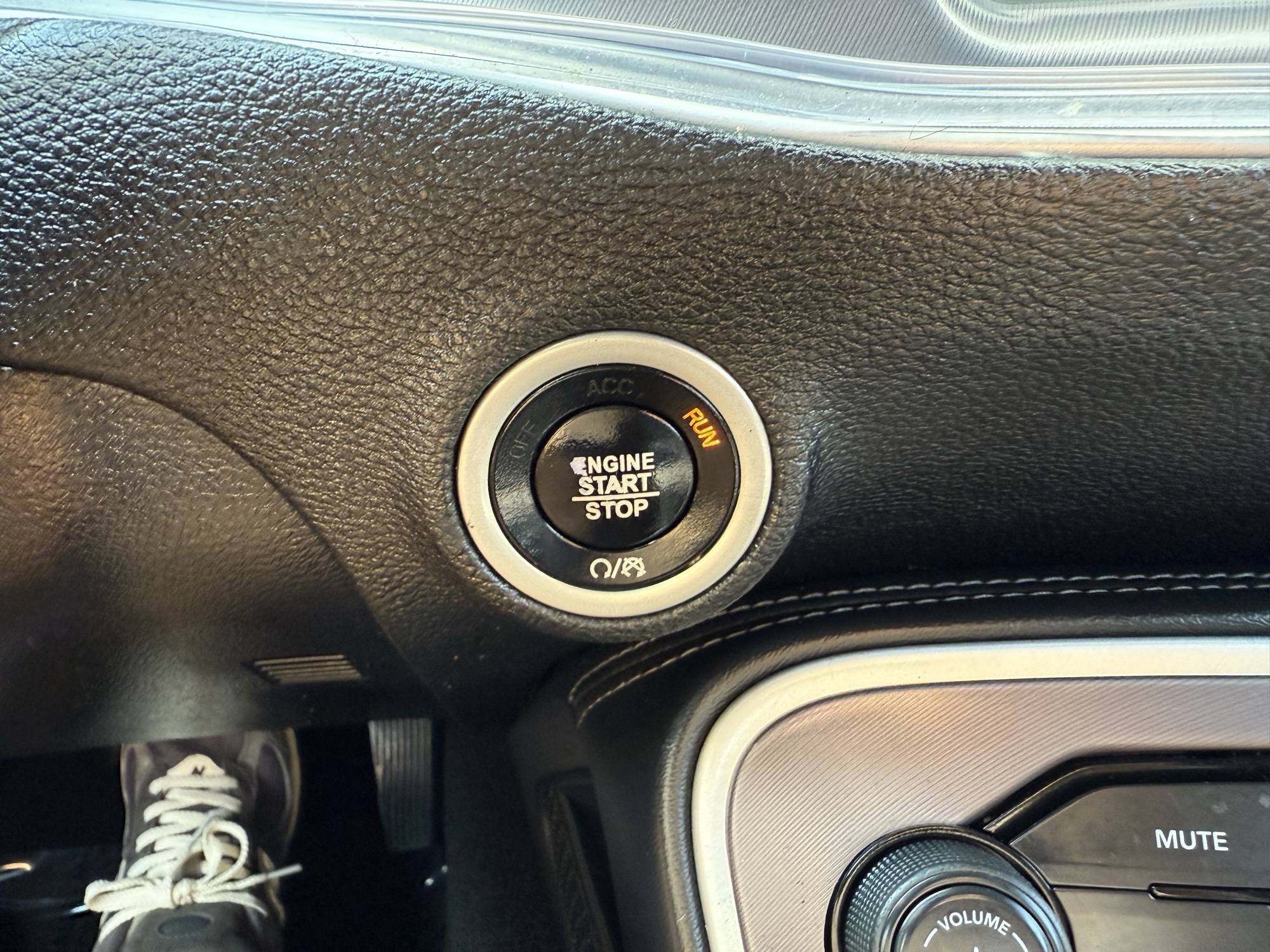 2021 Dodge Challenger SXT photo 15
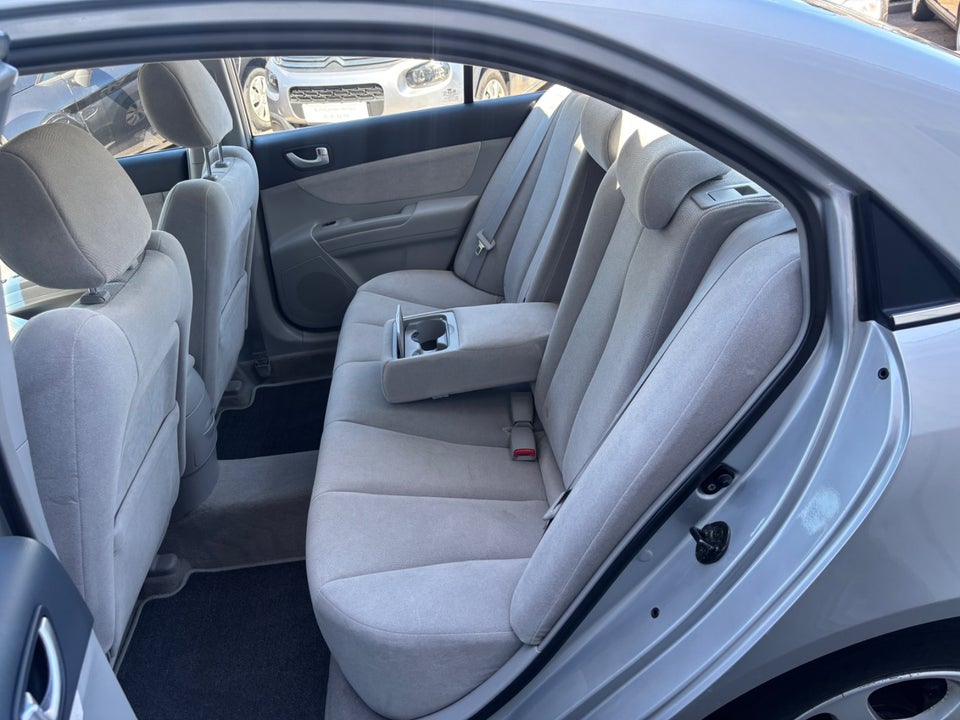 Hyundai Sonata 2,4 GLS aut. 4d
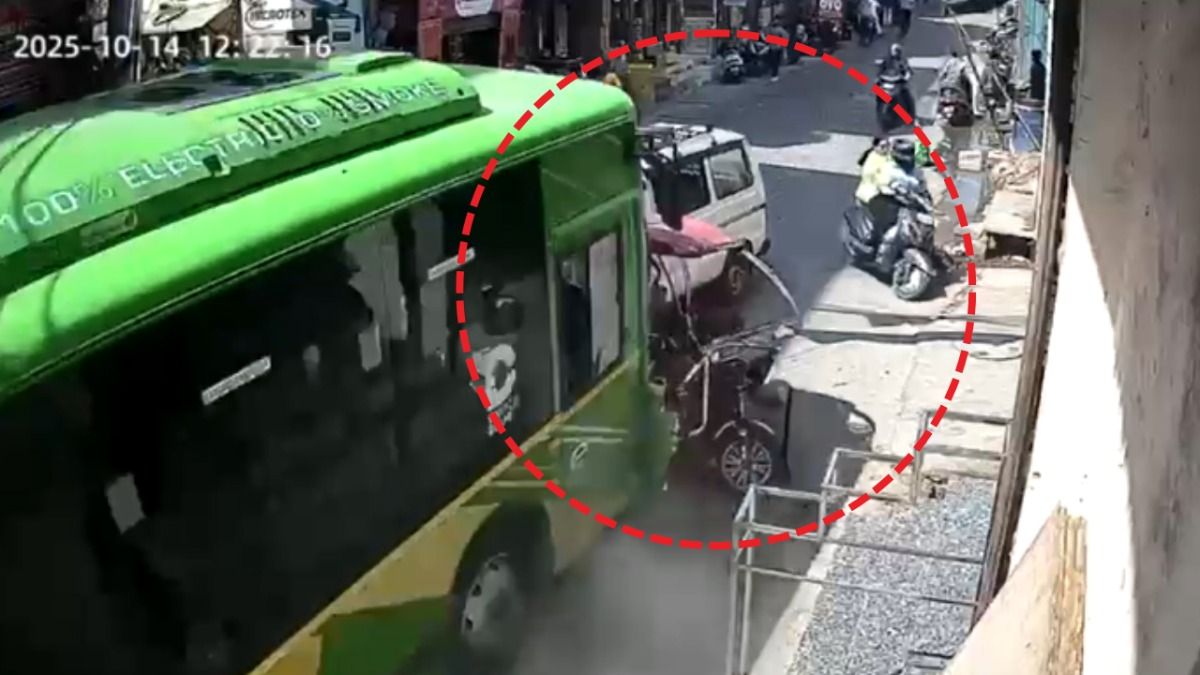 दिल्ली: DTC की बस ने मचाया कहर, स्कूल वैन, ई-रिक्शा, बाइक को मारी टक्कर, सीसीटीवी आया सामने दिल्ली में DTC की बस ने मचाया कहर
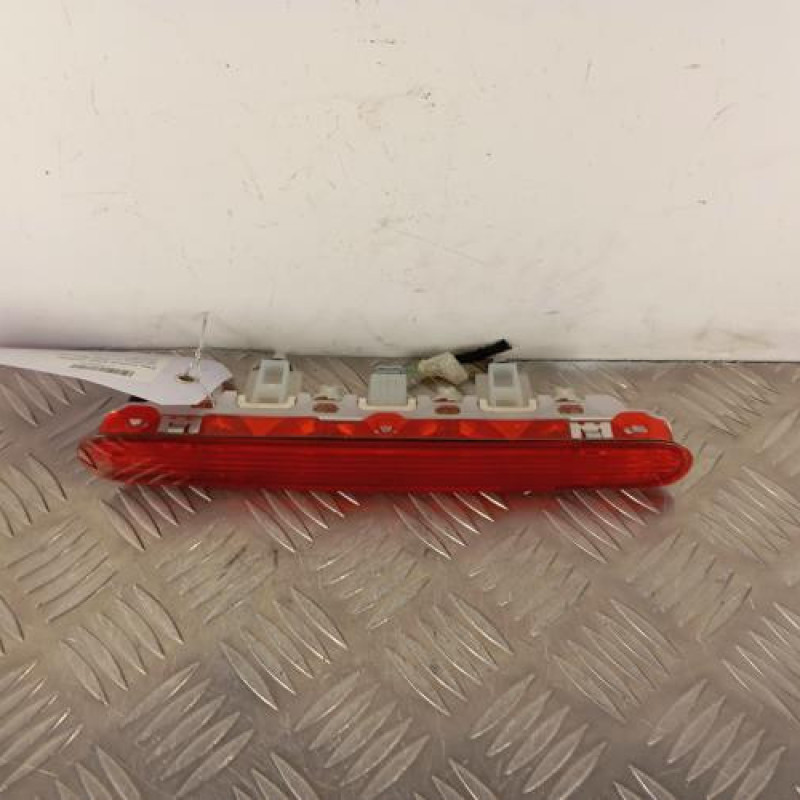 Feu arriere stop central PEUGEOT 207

§ **ACTIVITY**: The line with "दिल्ली: DTC की" marks the start, and the last line of the material marks the end. Reproduce exactly those two lines and every line between them, without the pictures.

§ **TASK RESULT**:
 दिल्ली: DTC की बस ने मचाया कहर, स्कूल वैन, ई-रिक्शा, बाइक को मारी टक्कर, सीसीटीवी आया सामने दिल्ली में DTC की बस ने मचाया कहर
 Feu arriere stop central PEUGEOT 207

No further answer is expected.